Only some lines are wanted: please transcribe exactly those from the one containing "Photo #6: 363 Wiltshire Drive" through the end of the data, pictures excluded.

▶ _Data section_:
═══

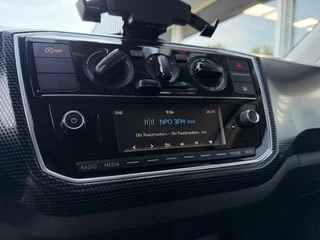 Volkswagen up! Up 1.0 BMT MOVE - NL Auto Airco Cruise Bluetooth Park. sens. achter / 24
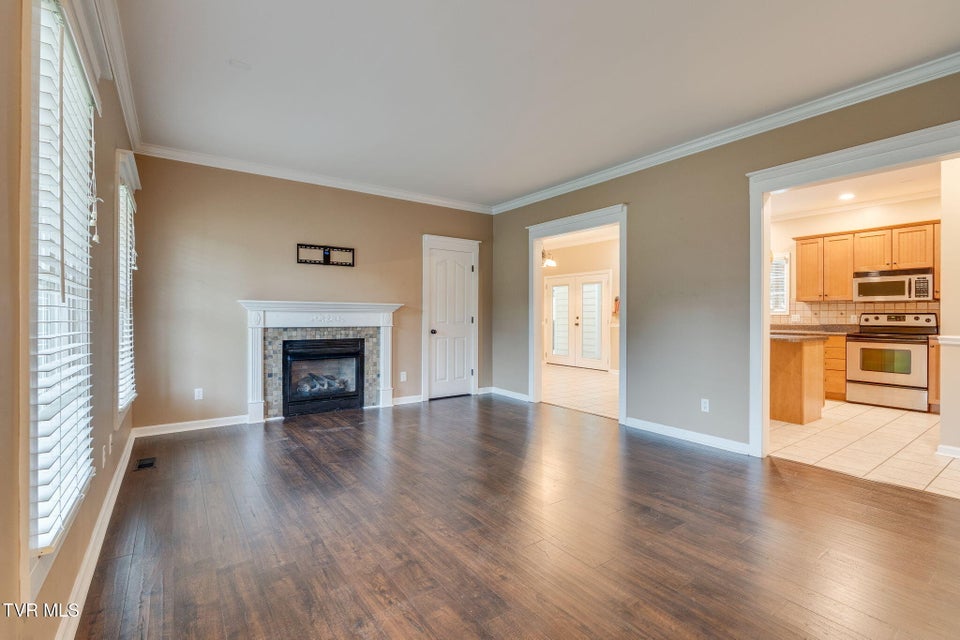Photo #6: 363 Wiltshire Drive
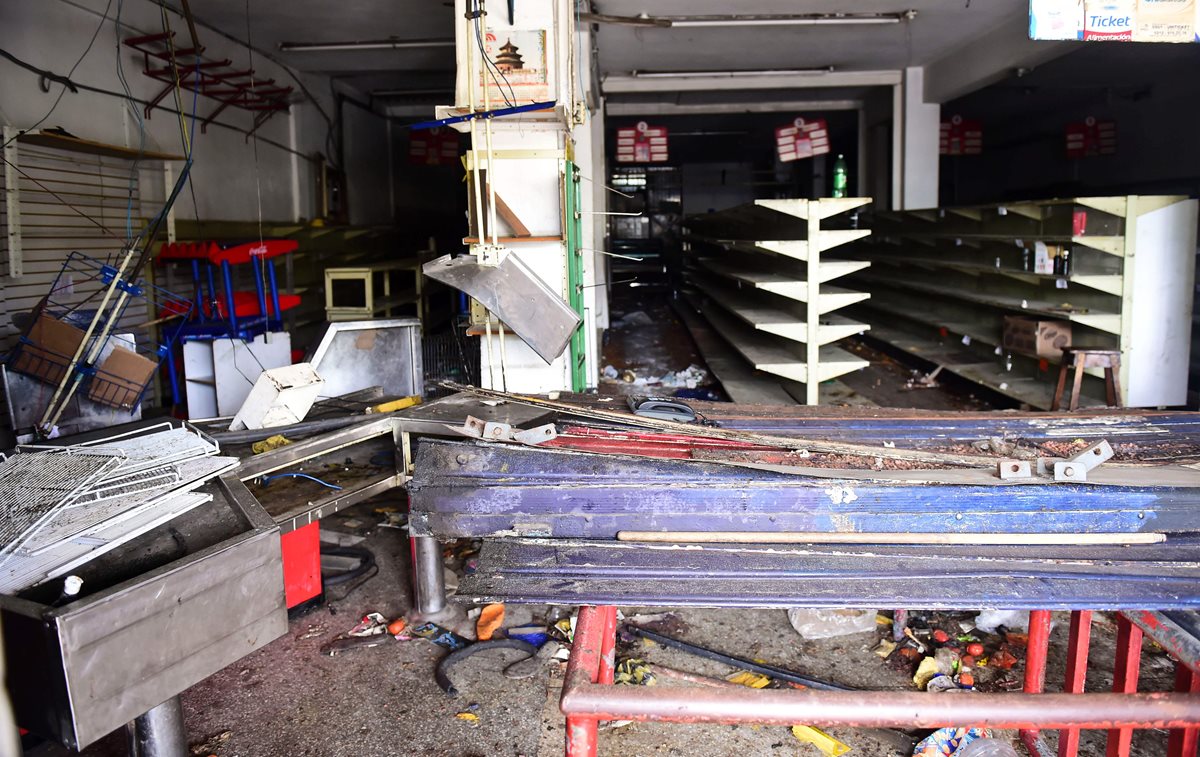 Varios comercios fueron saqueados en Venezuela. (Foto Prensa Libre: AFP)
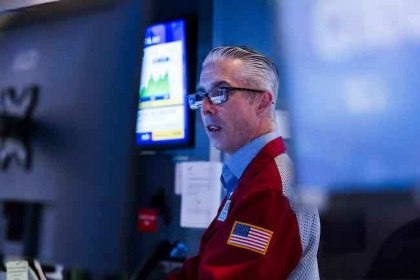 Phố Wall biến động mạnh do căng thẳng thương mại Mỹ - Trung tiếp diễn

═══

▶ _Exercise response_:
Photo #6: 363 Wiltshire Drive
 Varios comercios fueron saqueados en Venezuela. (Foto Prensa Libre: AFP)
 Phố Wall biến động mạnh do căng thẳng thương mại Mỹ - Trung tiếp diễn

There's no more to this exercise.